Ed Bedford 11:44 p.m., June 19
Leonard Bernstein contained multitudes. He was more than an extraordinary composer/conductor, who knew every note in the canon and its musical value. He was a gifted teacher (astonishingly patient, clear, and generous). His Six Talks at Harvard (1976) also show him in tune with the most forward critical thinking of the time.
Of the 20th century, he said, "We tend to view our century as so advanced, so prosperous, and swift in its developments, that we lose sight of its deeper, truer self image, the image of a shy, frightened child adrift in a shaky universe, living under the constant threat of Mummy and Daddy about to divorce or die."
Hershey Felder attempts to sum up Bernstein's multitudes in a 95-minute tribute.
The first two-thirds of the evening take Bernstein up to age 25. They move at a detailed, instructive, and highly entertaining pace. Felder provides useful background about Bernstein's parents and Talmudic roots. Felder island-hops from influence to influence, including Aaron Copland (who told him to quit composing) and Serge Koussevitzky, the "father-figure."
Suddenly, he's substitute-conducting the New York Philharmonic at age 25 and an instant sensation.

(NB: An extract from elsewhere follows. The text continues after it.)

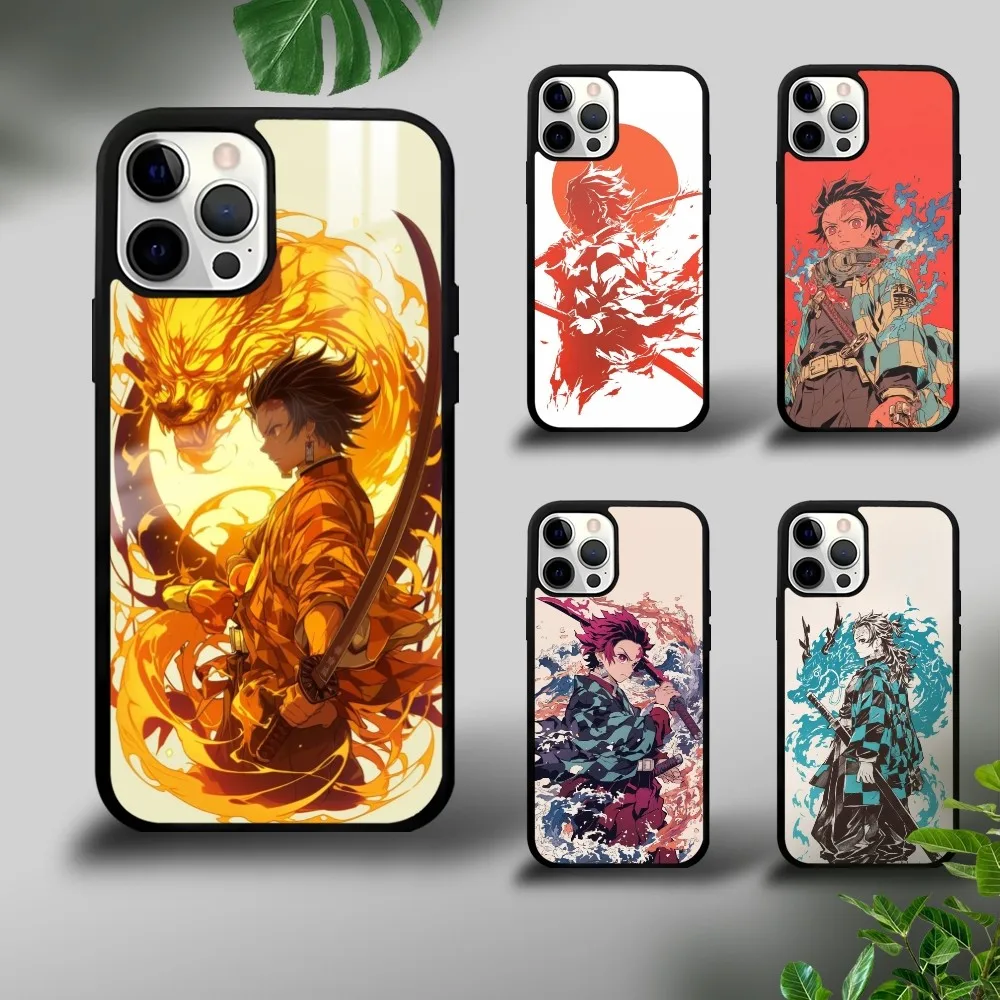 T-Tanjiro Kamado Anime Phone Case For iPhone 16 15 14 13 12 11 Pro Xs Max Mini Plus Celulares Hard Funda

The last third of the evening plays as if Felder had to condense the rest of the life. A steady pace and detail give way to reductive summing up, and the final 47 years move at a minute per. Later works, like his theater-piece "MASS," only get a mention. Fedler leaves us with Bernstein's "issues": Who am I? Guilt over the way he treated his wife Felicia. Worry about being so eclectic he didn't have a defining piece of music (though some now point to "MASS" as the one).
As Felder demonstrated in previous tributes to Gershwin and Beethoven, he's a maestro at the piano (though less so as a vocalist). It's fascinating to follow a strand of music as it connects with other notes and themes across the "continuum." In many ways the sounds flying from a black Steinway grand tell the story, and its complexities, far more eloquently than the words.